Chapter 2. The Time-Quality Curve
Where you invest your love, you invest your life.
Awake my soul
Mumford and Sons
Doing things takes time.
Sometimes that’s annoying, but at least some of the time it’s the whole purpose. Either way, it’s hard to avoid the fact that we have to spend time to get anything done. Doing things well often takes more time again, and that can also be annoying or purposeful.

If we have limited time and lots of demands, the challenge is picking when to stop one task and move on, to know when something is “good enough”. The S-shaped Time-Quality curve shown here is perhaps slightly too simple to perfectly describe every task we do – but the basic concept probably holds pretty well. The main message from this curve is that we get non-linear value for our minutes. That is, some minutes give us more return than average and some give us less return – and so when we have time pressure, we need to try to optimise where we spend them.
In essence, the curve suggests that the first phase on a task is where the time we invest doesn’t really get us very far in terms of quality outcomes – because at that stage we haven’t done enough of the task to actually create an outcome at all. We might be doing useful or even necessary groundwork for a quality outcome, but clearly more time is required before we can consider it ‘done’.
Then there is a second phase where you get increasingly high returns for the time you put in. At some stage towards the end of this phase and maybe even right on the inflexion point, you reach Point A – the minimum feasible point at which the task could be realistically be considered “done”. Once this point is reached, we have to then make a choice about how much – if at all – we want to continue, because now we are using discretionary time rather than necessary time. Every non-linear minute spent here now needs to be a worthwhile investment, because it is time that could be used on other things.
As the curve continues beyond Point A, we see it flattens out into a phase of diminishing returns where every minute spent does less and less to further improve the quality of the final outcome. This is where we have to apply our judgement about just how good is good enough? The question is more complex even than that, because any analysis of how good it is needs to take into account the context and the opportunity cost. That is, does it need to be better in this specific circumstance? And what else isn’t getting done because I’m doing this task better?
Knowing when to stop and move on to another task (or just stopping!) is really important for our overall ability to manage time. Once we get beyond Point A and deep into Phase 3, where the improvement in quality from every minute spent on the task is getting less and less, there has to be a really good reason to keep going.
There are certainly entirely valid reasons to push on well-beyond Point A, that’s where the really great work gets done. However, I think knowing when to stop and not seek ‘perfection’ on everything is one of the real keys to bigger things like “time management” and “work-life balance”, amongst others.
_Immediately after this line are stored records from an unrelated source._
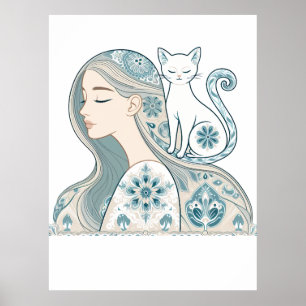 Elegante vrouw & kat Bloemen Art Nouveau Design Poster
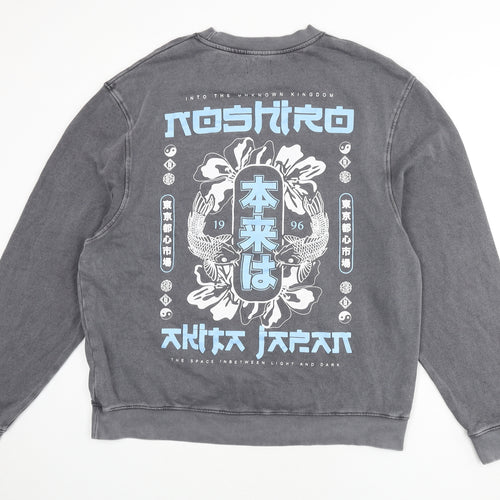 River Island Mens Grey Cotton Pullover Sweatshirt Size L - Koi Fish, Slogan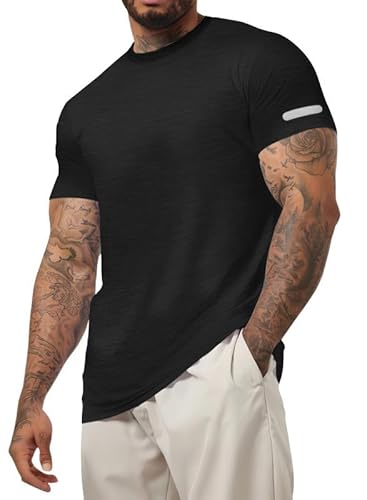 JVVOO Mens Workout Shirts Fitted Quick Dry Gym Tshirts Running Athletic Top Moisture Wicking Tee Big and Tall Black 6XL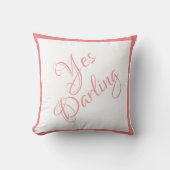 Bride ja Darling Pink Script Chic Wedding Kussen (Voorkant)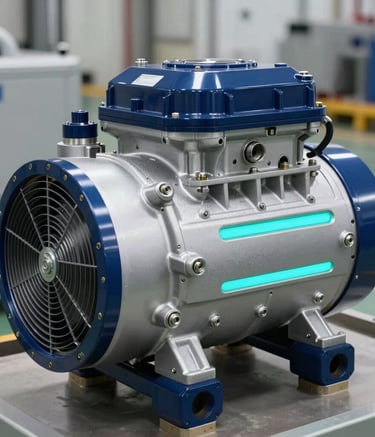A close-up, high-detail photograph of a futuristic HVAC compressor unit with silver and deep blue finishes. Sharp focus on technical components, clean lines, and soft light cyan accent lighting, set in a North American / US / Miami industrial facility.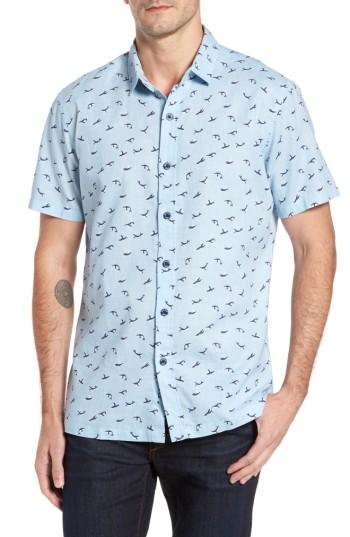 Men's Kahala Winter Holiday Trim Fit Print Linen & Cotton Sport Shirt - Blue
A key idea to take out from the concept of the Time-Quality curve is not just that if a job’s worth doing, it’s worth doing well. That’s been beaten into us forever. What might be a more useful insight now is the unspoken corollary: that is if a job isn’t worth doing, it probably isn’t worth doing well. Or at least, if it’s done sufficiently well, there is no need to invest more time on it.
Anyway, enough on this subject. I think I’ve made my point sufficiently well for now, and I need to move on to some other important things.